31 Aralık 2008 Çarşamba

Mastering Global Corporate Governance - Ulrich Steger PDT®

Genel olarak bakıldığında, Swissair’ın kurumsal yönetim yapısı mükemmel görünüyordu. Yönetim Kurulu, başarıları kanıtlanmış deneyimli sanayici ve bankacılardan oluşuyordu. Tüm görevler detaylandırılarak tanımlanmış, şirketin “Kurumsal Yönetim İlkeleri” çerçevesinde ve bütün komitelerinde benimsenmişti.

Swissair, değişen pazar koşullarıyla birlikte bir takım ikilemler yaşamaya başladı. Avrupa Birliğinin havacılık sektöründe kontrol mekanizmasını yeniden yapılandırmasıyla gelişen pazarda sıkışabilme olasılığı yaşadığı ikilemlerden biriydi.
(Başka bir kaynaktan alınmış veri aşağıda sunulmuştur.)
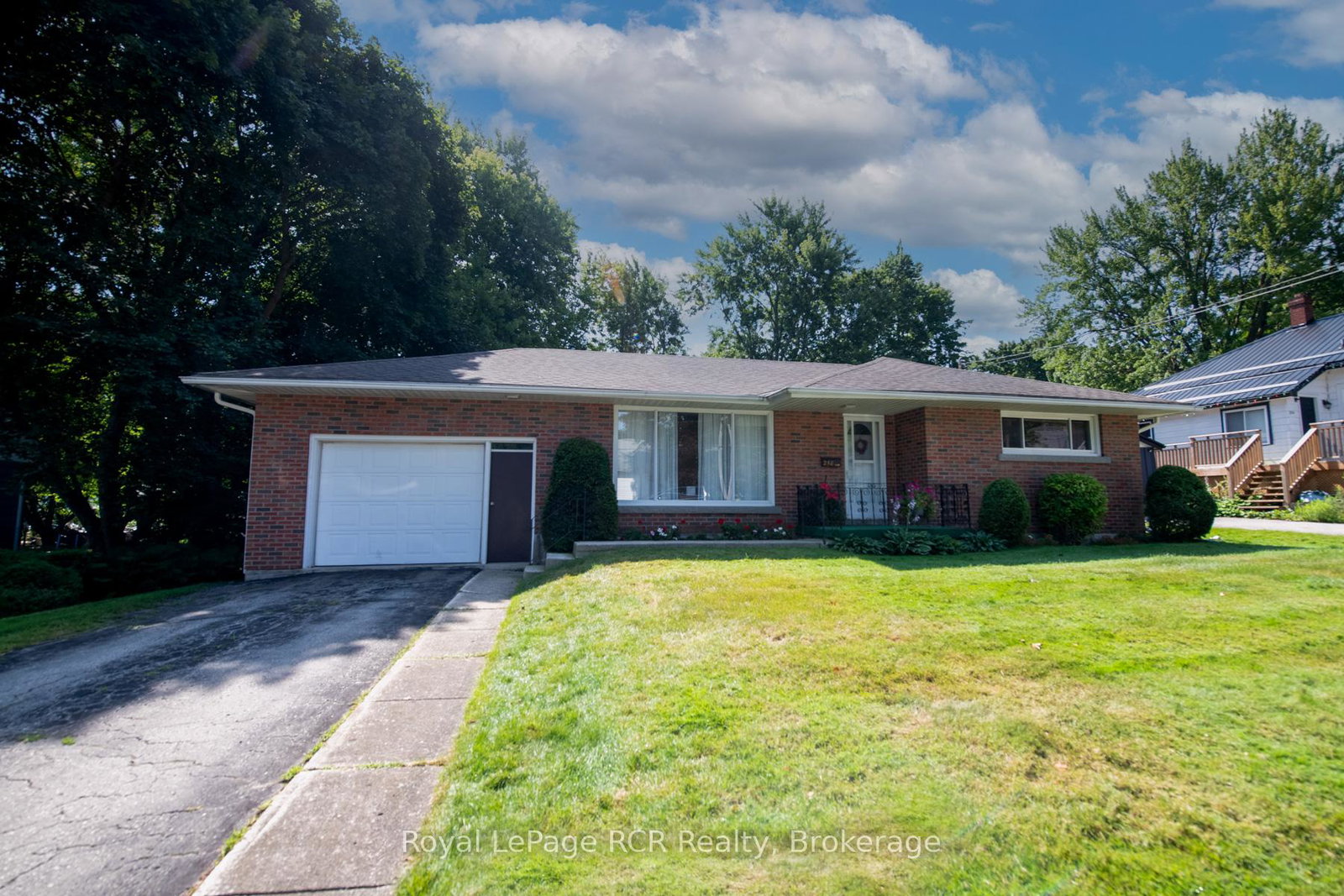 258-birmingham-street-w-w-wellington-north-ontario-x12314655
Bir diğer ikilem ise, Swissair’ın küresel bir oyuncu olabilmesi için çok küçük, herhangi bir uçuş firması olabilmesi için engel teşkil eden büyük ve gururlu yapısıydı.
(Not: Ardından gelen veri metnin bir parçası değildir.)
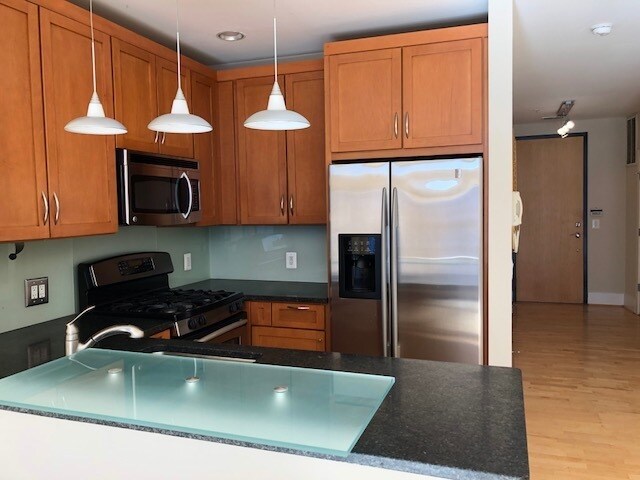 Photo - Spacious and Sunlit 1 BD 1BA in the Bustli... Unit 8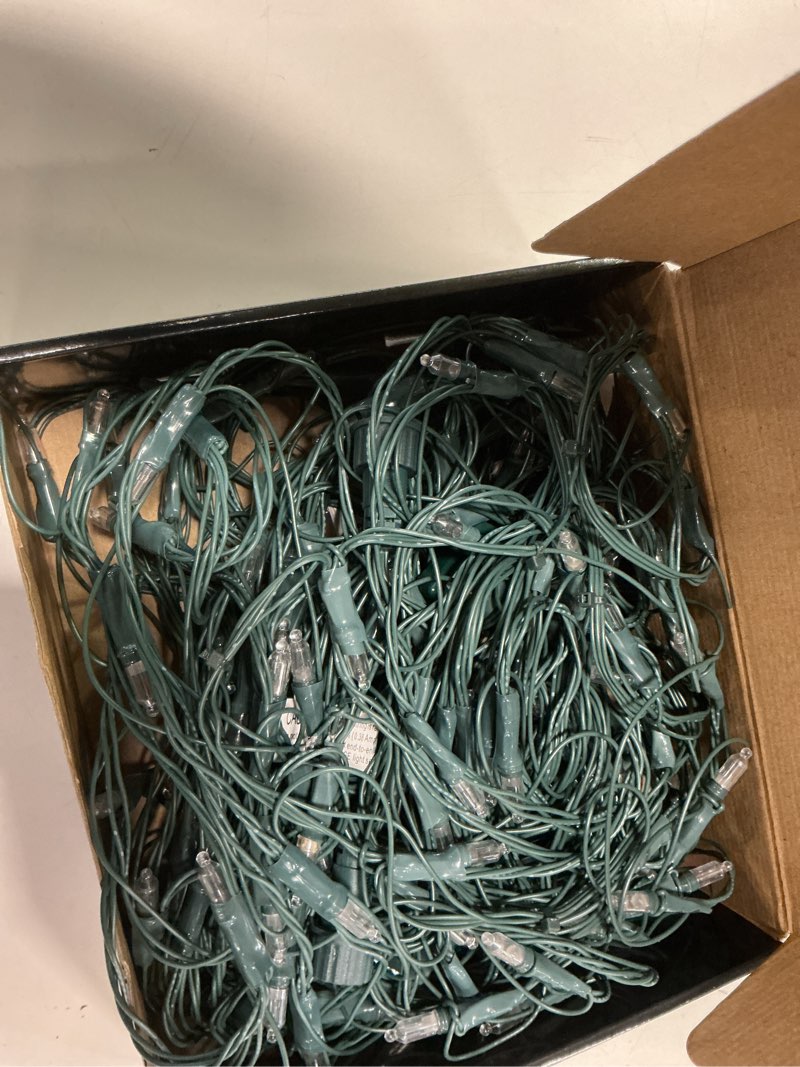 Condition photo showing Good Condition for Philips 150 LED Multicolored Faceted Mini Net Lights Multicolored Mini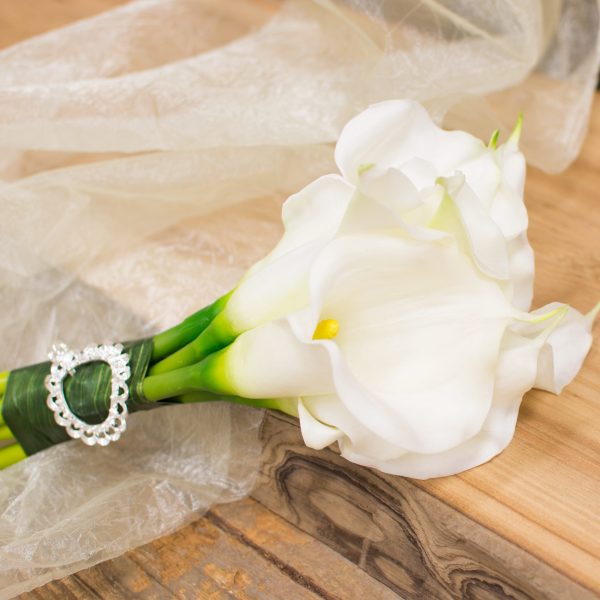 13  Calla Lily Flower Stem: White Discount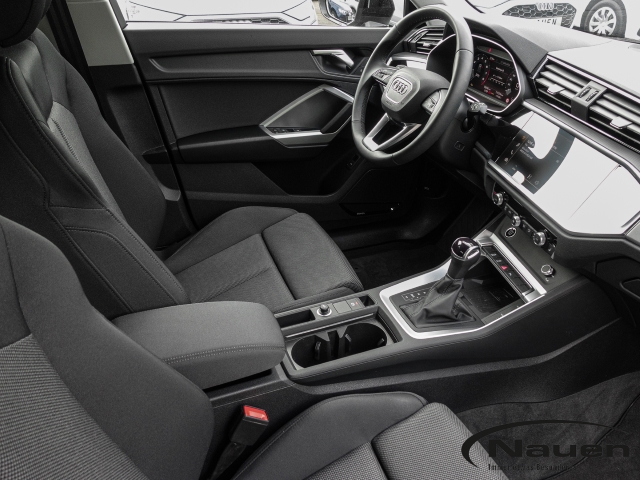 Q3 35 TFSI S-tronic AHK,ACC,OPTIK,INTERFACE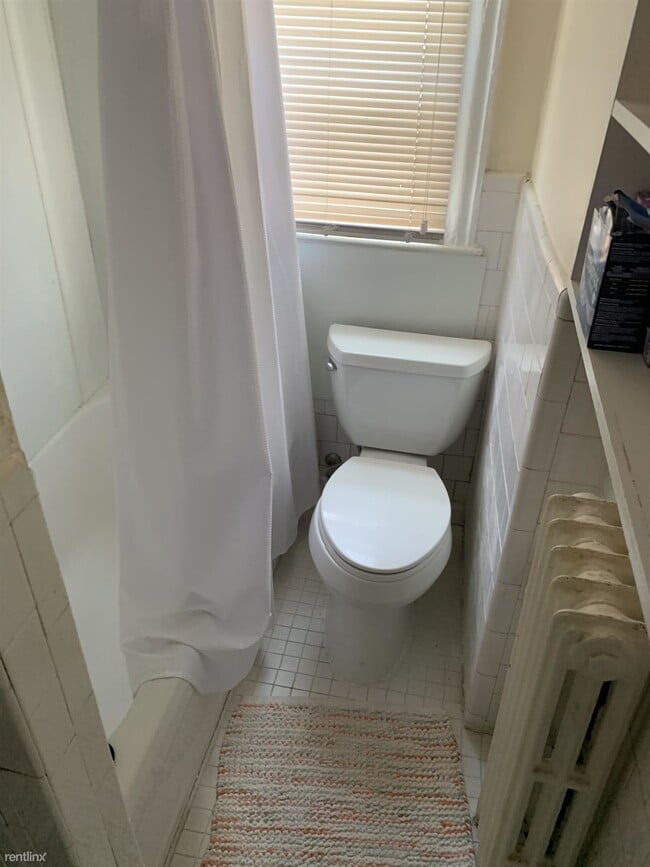 Building Photo - Studio, 1 bath  - 20 Phillips St Apt 5A #8A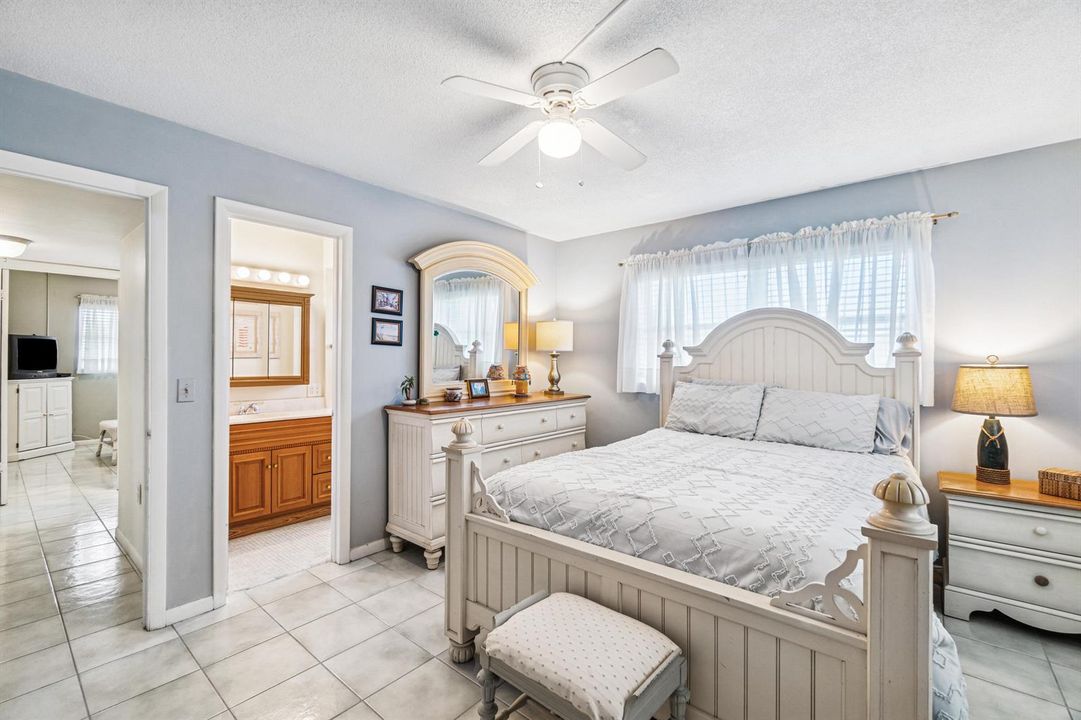 108 20th Ave NE #201 Boynton Fl 33435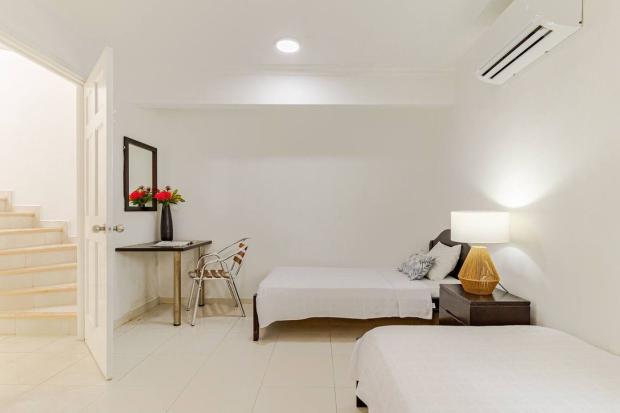 Cartagena, La Boquilla, Rare Beachfront townhouse for sale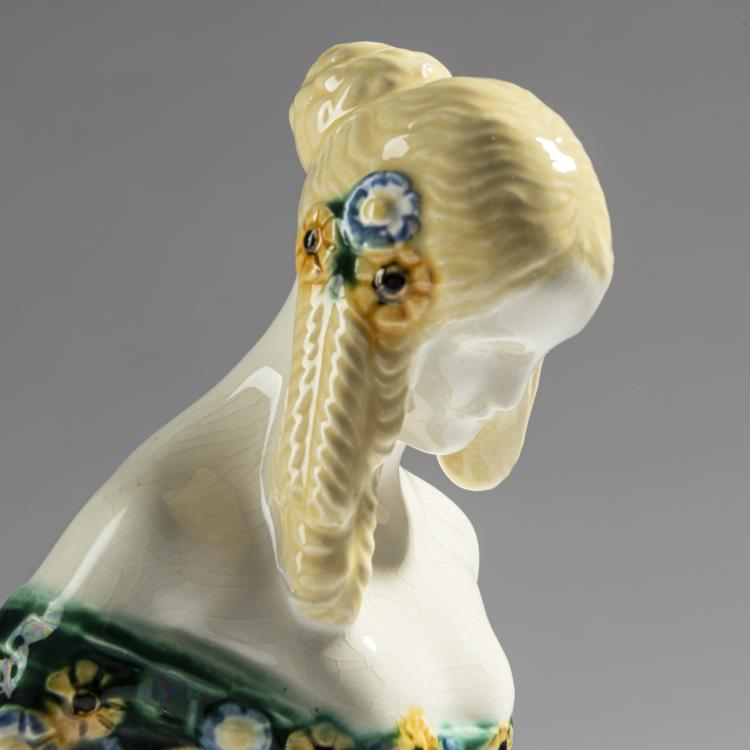 Bild 4 zu Objekt, Crinoline with flower garland, 1907, Michael Powolny, Gmundner Keramik, 161E 1204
Yönetim, Swissair’ın pazar içerisindeki konumunu günün koşulları çerçevesinde değerlendirerek stratejisini “agresif satın alma” (Hunter - Avcı Stratejisi) olarak oluşturdu ve arka arkaya firma bazında farklılık gösteren değişen oranlardaki ortaklık paylarıyla şirket evlilikleri gerçekleştirdi.
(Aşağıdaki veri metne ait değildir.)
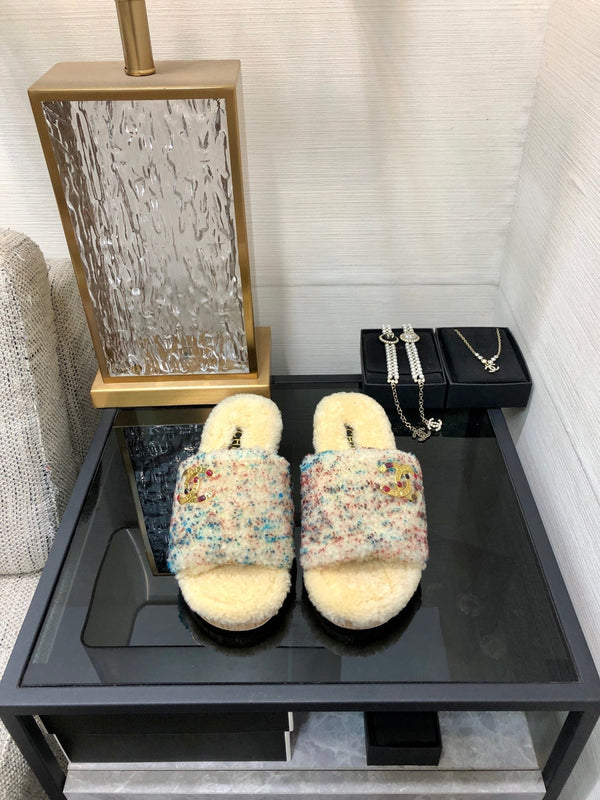CC 26s Slippers Cream Mix Blue Red Fleece Wool 970118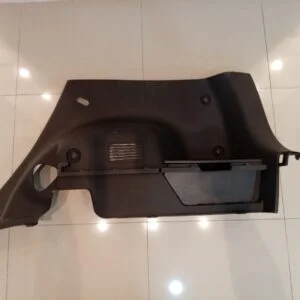 Tapicería Compuerta Posterior RH CS55 Plus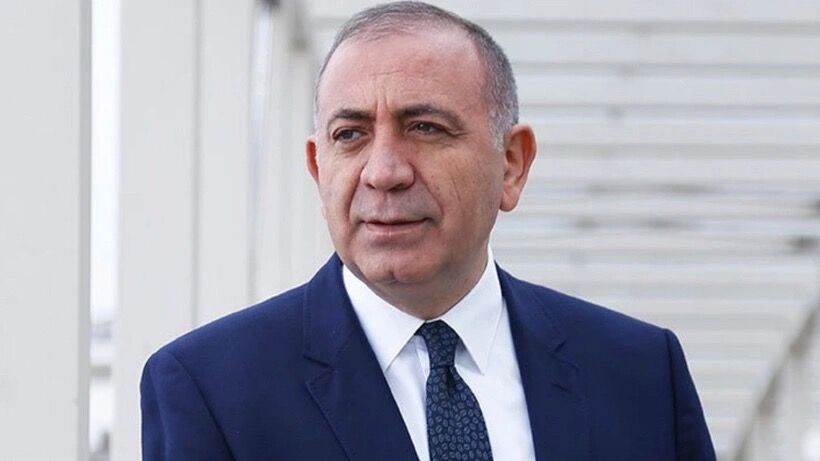 Gürsel Tekin’in görevine son verildi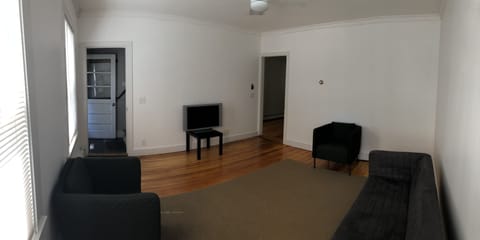 Panoramic view of living room (picture 3)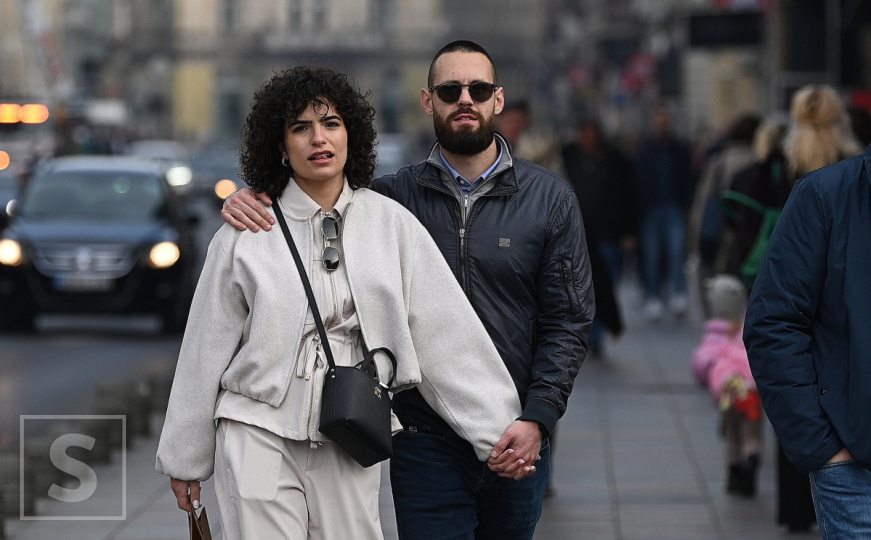 Sarajevska špica subotom u znaku novembarskog sunca: Prošetajte s nama centrom grada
2000 yılı itibariyle bu şirketlerin zarar açıklamalarına ve yüksek yakıt maliyetleri ile yeniden yapılanma maliyetlerinin finansal stres yaratmasına karşın, Yönetim Kurulu Başkanı üyelerini Hunter - Avcı Stratejisi ile devam etmeye ikna etti. Bu karar Swissair’ın Ocak 2001 de 2,9 milyar CHF zarar açıklaması, on yönetim kurulu üyesinden yedisinin istifası ile sonuçlandı. 11 Eylül saldırısı ardından sektörün küresel anlamda zarar görmesiyle Swissair, likiditesini tamamen kaybederek 1 Ekim de biletli 40.000 yolcusunu uçuramadan tüm filosunu yere indirdi. Bu durum güvenilirliğine ve verimliliğine son derece inanılan Swissair’ın şok etkisi yaratarak Avcı Stratejisinin bir diğer mimarı başka bir Yönetim Kurulu üyesinin daha istifası ile sonuçlandı.